■ Exercise
Print the listing below only from the line that has "Assetto Corsa Evo" through the line that has "Nature Tote Bag", exactly, and drop any picture.

■ Material shown

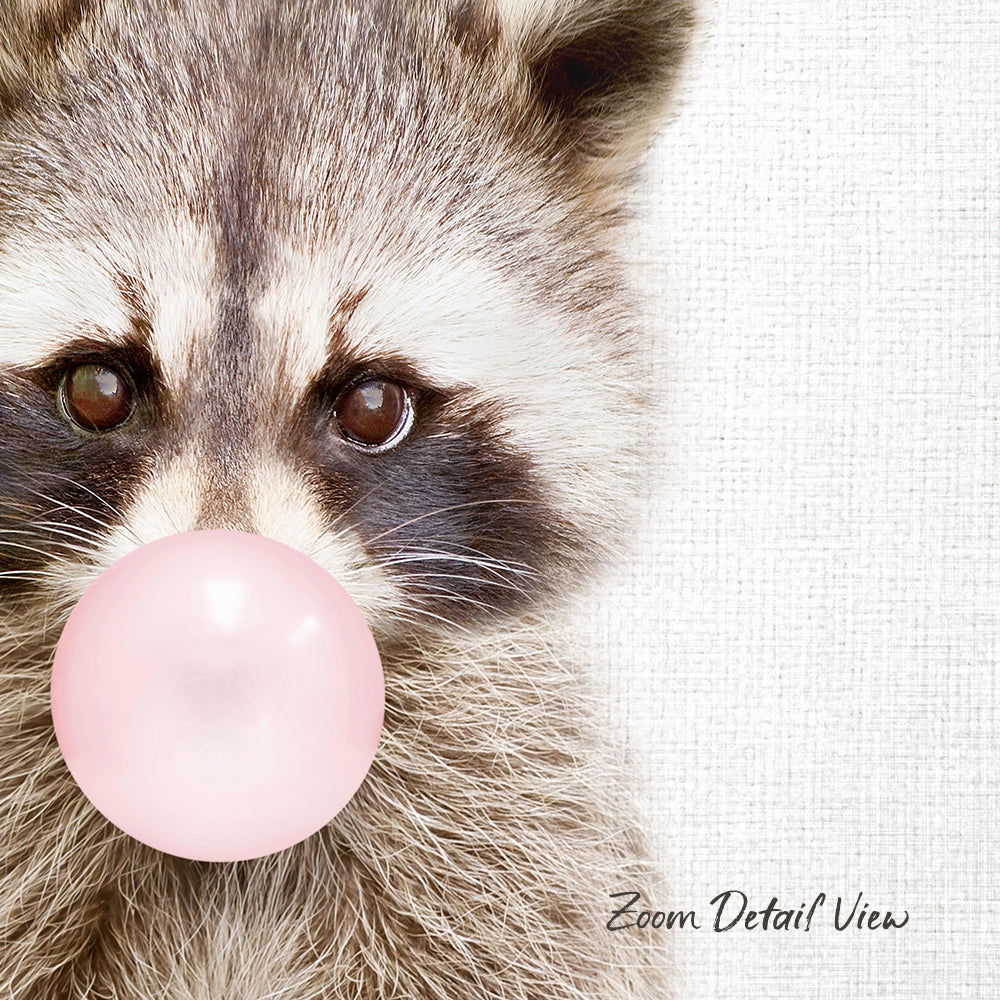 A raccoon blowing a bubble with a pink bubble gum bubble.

==

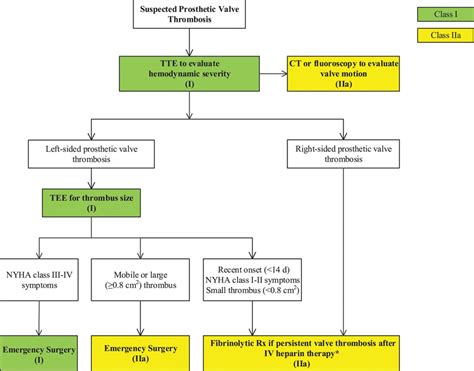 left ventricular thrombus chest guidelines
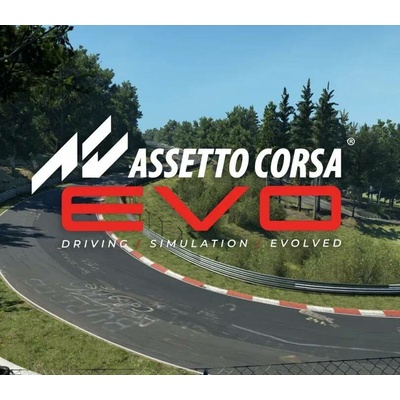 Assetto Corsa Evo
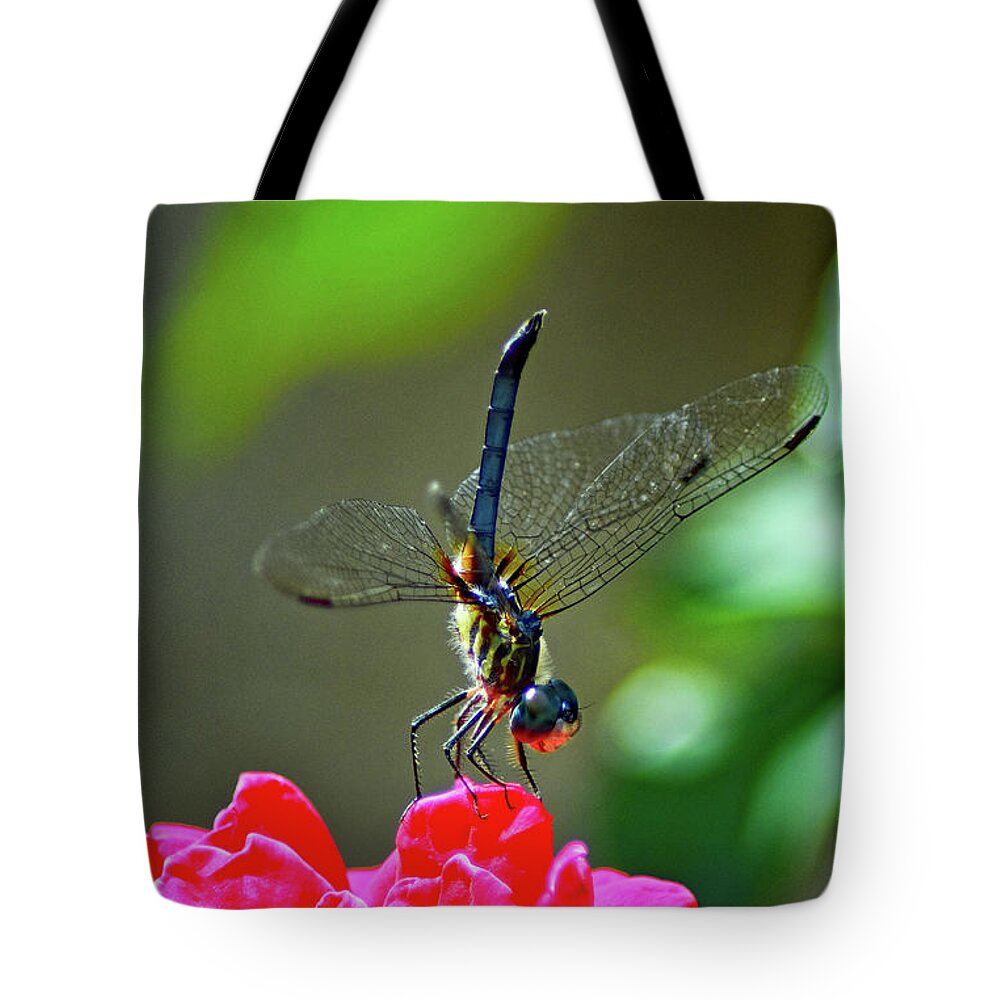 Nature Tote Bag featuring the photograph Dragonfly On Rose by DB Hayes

■ Problem solution
 Assetto Corsa Evo
 Nature Tote Bag featuring the photograph Dragonfly On Rose by DB Hayes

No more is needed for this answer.